わたくしは怖いのです、、、トライアント様

 真実を知るのが、、、

 知りたい、、本当の事を母上の口から母上の言葉で、、

 知らなくてはならないと思うのです、、

 でも、、聞きたくないのです、、

 きっとそれは残酷な真実だから、、」

自分が母に愛されてなど居なかったという真実がグローリアは怖かった。

蹲り肩を抱きしめ咽び泣くグローリアにトライアントはどう言葉をかけてよいのか迷う。

確かに真実はフローライトにしか判らない、だがトライアントはそうではないと信じている。

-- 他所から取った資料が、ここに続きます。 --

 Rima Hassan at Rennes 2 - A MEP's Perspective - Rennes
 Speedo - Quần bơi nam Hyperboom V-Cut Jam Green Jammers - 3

フローライトが使命感だけで我が子を助けたとは思っていない。


と、水面から小さな音を立てて蕾が現れた。

トライアントがそれに気付く。

後から後からその蕾は水面を押し破りチリンチリンと涼やかな音色にも似た音を立て現れる。

夢想花。それがその花の名だった。

そして特別な力を持つ花だった。

トライアントはそれがフローライトの意思だと察する。

「姫、それでも真実を知る勇気が御有りか?」

トライアントは静かにグローリアに問いかける。

「夢想花が咲く今なら姫に真実を御見せできる

 この池はリプルの樹液、そして夢想花は思いを伝える花

 夢想花の咲く今なら私の力でフローライト様の記憶を伝えて差し上げられる」

その言葉にグローリアは水面に現れた無数の蕾を見る。

「確かに、、残酷な事実かもしれない

 ですが、、」

トライアントは知るべきだと告げる。

「そう、、、ですわね

 逃げても何の解決にもなりませんわね、、、」

自分はグローリア、白の王族の姫、それが真実ならば受け入れなければなるまい。

「お願いいたしますわトライアント様

 わたくしとしたことが取り乱してしまい申し訳ありませんわ」

涙を振り切り気丈に微笑む。

その姫を頼もしく思いトライアントは手を差し伸べた。

「手をおとり下さい」

グローリアはその小さな手をトライアントの手に重ねる。

「姫

 フローライト様は救出されたとき重体だったため何も語ることが出来なかった

 そうお話したが正確には少し違う

 フローライト様は舌を切断されていました

 おそらくは自害させない為でしょう、、

 リプルの実でも欠損した傷を再生出来はしない、、

 語りたくとも語ることが出来なかったのです

 辛い、、記憶だと思う、心されよ」

トライアントの言葉にグローリアは唇をかみ締め頷く。


そしてトライアントに導かれグローリアは共に入水する。

リプルの樹液は彼女を受け入れ、水中に無数の夢想花が漂いグローリアとトライアントに絡みつく。

グローリアが眼を凝らすと少し先に母の姿があった。

リプルの樹液はまるで生きているかのようにフローライトを美しい姿のまま守っている。

そのフローライトにも幾重にも夢想花が纏わりついている。

トライアントの周りの夢想花が蕾を綻ばせ咲き誇り、、。

 -フローライト様

  真実は苦く辛辣な物かも知れない

  だが私はグローリア姫を産み落とされた時の

  貴方の誇らしげな満面の笑みこそが真実だと信じている、、


そしてトライアントはフローライトの記憶をグローリアに伝え始めた。